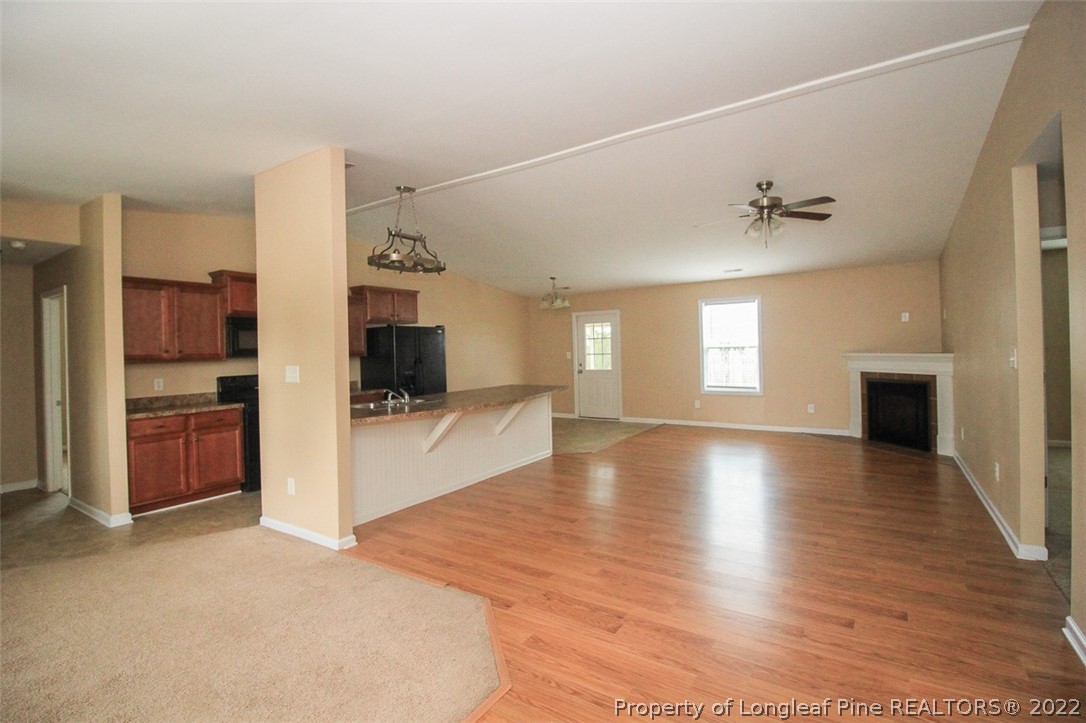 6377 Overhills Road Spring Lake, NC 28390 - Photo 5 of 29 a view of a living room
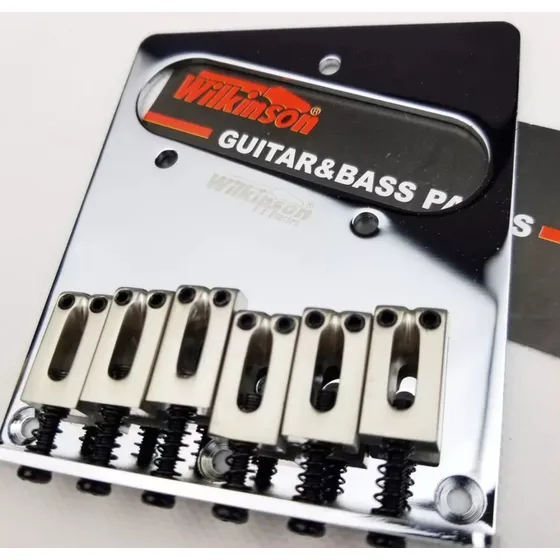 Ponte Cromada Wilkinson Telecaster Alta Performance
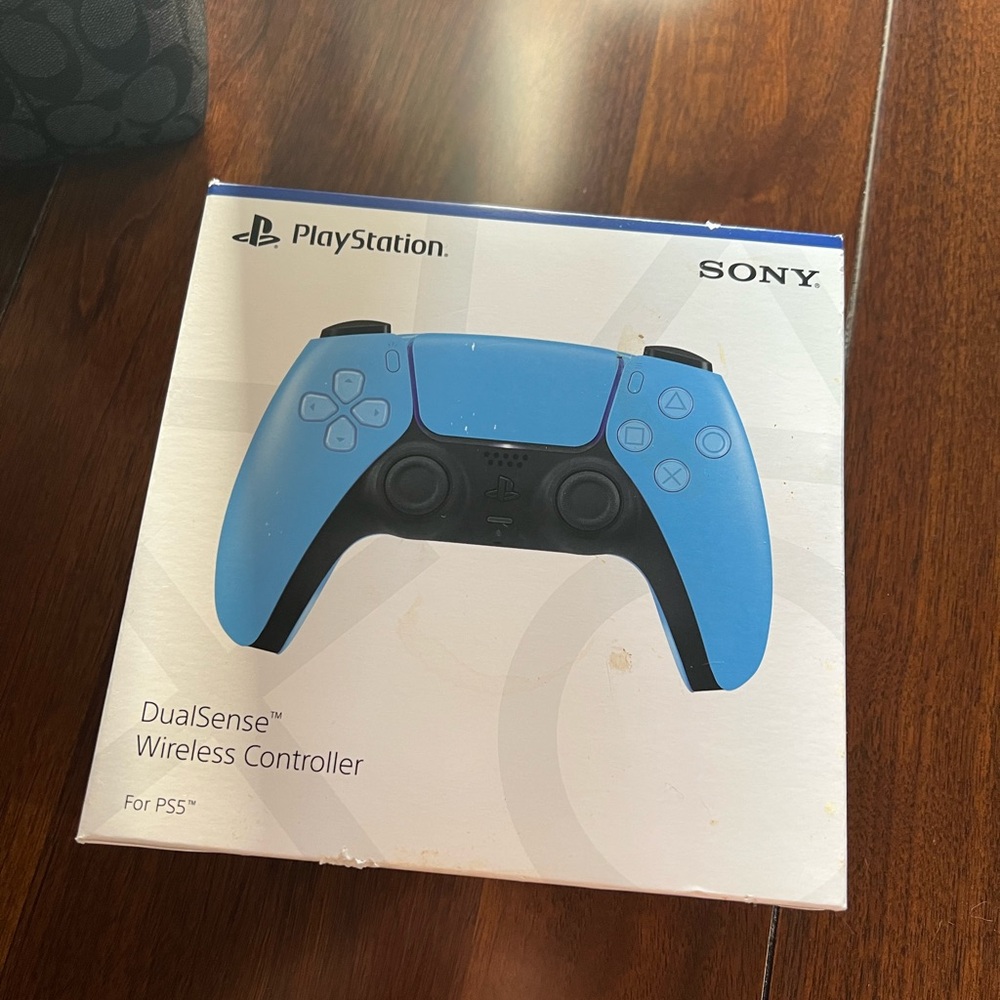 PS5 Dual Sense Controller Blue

Your objective: Print the complete listing exactly as it stands, without its pictures.

Output for this task:
 6377 Overhills Road Spring Lake, NC 28390 - Photo 5 of 29 a view of a living room
 Ponte Cromada Wilkinson Telecaster Alta Performance
 PS5 Dual Sense Controller Blue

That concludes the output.